Pobre e esquecido, o Haiti só começou a freqüentar o noticiário no Brasil depois que contingentes do Exército foram deslocados para aquele país em 2004, para assumir o comando de uma suposta força de paz da Organização das Nações Unidas. Durante muito tempo, somente as reportagens com familiares de soldados em missão traziam aos brasileiros referências ao Haiti. Depois houve uma comentada partida de futebol entre as seleções dos dois países.
Semana passada o Haiti voltou ao noticiário de forma trágica, através do terrível terremoto que arrasou o país e expôs, mais uma vez, as profundas chagas sociais que afligem a população. Cumprindo o script de sempre, lideranças políticas do mundo inteiro vieram a público prometendo uma ajuda que aos poucos será esquecida.
Brasil e Haiti guardam semelhanças em relação às suas histórias. Se o plantio da cana-de-açúcar para produzir açúcar começou por aqui, ainda no século XVI, foi lá que o monopólio brasileiro foi quebrado, através de investimentos de holandeses que espalharam pelo país incontáveis canaviais.
Assim como aqui, no Haiti o colonizador branco achou que a utilização da mão-de-obra escrava, negra e importada da África, era o melhor arranjo para materializar a exploração econômica da Colônia. E, até o século XVIII, o Haiti foi uma nação próspera para os franceses, que a obtiveram dos espanhóis através de um dos diversos acordos imperiais ocorridos na América Central.
Libertação
Em 1804, depois de conflitos que se estenderam por anos, os 500 mil negros e mestiços asseguraram a libertação do país das mãos dos 30 mil brancos que viviam no Haiti. De imediato, franceses, espanhóis e ingleses preocuparam-se com a possibilidade de que o exemplo haitiano se estendesse às demais colônias da América Central. A principal preocupação era com Cuba, pela proximidade geográfica e pela prosperidade econômica alcançada pelos colonizadores e pela maciça presença de escravos negros.
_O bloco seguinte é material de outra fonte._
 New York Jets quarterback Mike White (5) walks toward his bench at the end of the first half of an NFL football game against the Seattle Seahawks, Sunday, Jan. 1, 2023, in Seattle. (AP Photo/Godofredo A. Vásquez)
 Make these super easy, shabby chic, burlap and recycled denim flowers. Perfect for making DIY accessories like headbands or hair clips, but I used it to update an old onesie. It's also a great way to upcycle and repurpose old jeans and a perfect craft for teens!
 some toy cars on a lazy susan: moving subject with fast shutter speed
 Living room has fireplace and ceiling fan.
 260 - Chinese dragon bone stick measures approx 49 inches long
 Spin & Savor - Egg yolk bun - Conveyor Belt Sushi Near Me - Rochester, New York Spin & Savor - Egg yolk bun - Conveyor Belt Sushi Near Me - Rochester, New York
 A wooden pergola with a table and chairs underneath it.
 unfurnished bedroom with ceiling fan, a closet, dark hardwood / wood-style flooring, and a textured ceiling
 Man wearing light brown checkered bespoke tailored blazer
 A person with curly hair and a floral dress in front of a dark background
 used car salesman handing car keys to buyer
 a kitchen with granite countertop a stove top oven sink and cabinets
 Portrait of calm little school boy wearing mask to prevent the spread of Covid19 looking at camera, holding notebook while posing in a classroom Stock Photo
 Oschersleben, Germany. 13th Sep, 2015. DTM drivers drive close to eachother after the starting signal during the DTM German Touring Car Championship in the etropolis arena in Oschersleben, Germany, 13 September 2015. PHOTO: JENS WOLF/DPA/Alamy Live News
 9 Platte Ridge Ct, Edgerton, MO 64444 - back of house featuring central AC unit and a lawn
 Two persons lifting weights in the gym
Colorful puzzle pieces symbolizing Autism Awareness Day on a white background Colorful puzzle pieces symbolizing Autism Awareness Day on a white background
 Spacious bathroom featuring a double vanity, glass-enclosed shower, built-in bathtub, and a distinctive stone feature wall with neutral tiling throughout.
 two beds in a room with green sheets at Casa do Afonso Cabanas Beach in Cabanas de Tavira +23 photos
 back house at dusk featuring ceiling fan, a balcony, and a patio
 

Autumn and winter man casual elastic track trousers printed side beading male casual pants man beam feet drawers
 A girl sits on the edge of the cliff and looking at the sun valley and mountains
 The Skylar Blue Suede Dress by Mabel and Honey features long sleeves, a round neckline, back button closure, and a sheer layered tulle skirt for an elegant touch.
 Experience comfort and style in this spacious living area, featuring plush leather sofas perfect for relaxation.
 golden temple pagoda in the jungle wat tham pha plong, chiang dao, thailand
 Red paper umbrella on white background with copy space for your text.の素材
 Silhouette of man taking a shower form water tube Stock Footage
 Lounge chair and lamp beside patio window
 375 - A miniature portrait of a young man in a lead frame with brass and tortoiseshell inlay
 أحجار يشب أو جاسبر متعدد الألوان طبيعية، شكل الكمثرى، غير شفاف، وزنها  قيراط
Ao longo da semana o noticiário enfatizou o aspecto de que o Haiti, desde a libertação, nunca conseguiu se consolidar como nação e estabelecer uma rotina democrática. Parte da explicação está no fato de que esta chance jamais foi concedida pelos antigos colonizadores sempre dispostos a interferir na política local.
Com o transcorrer das décadas o país permaneceu mergulhado em conflitos internos e enfrentou catástrofes naturais, como terremotos, furacões e inundações. Tudo isso contribuiu para tornar o pequeno país caribenho o mais pobre do Ocidente, com baixíssimos indicadores de desenvolvimento.
Ajuda
Hoje as imagens de um país que entrou em colapso com o terremoto e cuja população dorme ao relento porque não tem onde se abrigar causam tristeza e incitam à reflexão. A migração forçada de milhões de escravos, o insano sistema de exploração econômica e a eterna ingerência política dos países centrais ainda não completou sua obra, que séculos atrás chamavam de “civilização”.
Essa redenção civilizatória não está apenas no Haiti, mas se proliferou por toda a América Latina. Temos, no Brasil, e também na Bahia, pedaços do Haiti nos excluídos, negros e mestiços. Parte da herança política legada pelos colonizadores também teima em sobreviver, nos coronéis de terceira categoria – como diriam nossos briosos senadores – que, com bota e rebenque, exibem sorrisos ardilosos na televisão.
O que não temos são os terremotos e furacões que acossam os países do Caribe e sua pobre gente. Resta-nos agradecer a dádiva, enquanto se reza e se torce pelos haitianos. E esperar que pelo menos uma fração das riquezas mobilizadas para salvar o fraudulento sistema financeiro mundial durante a última crise seja mobilizada em prol do Haiti e do seu povo.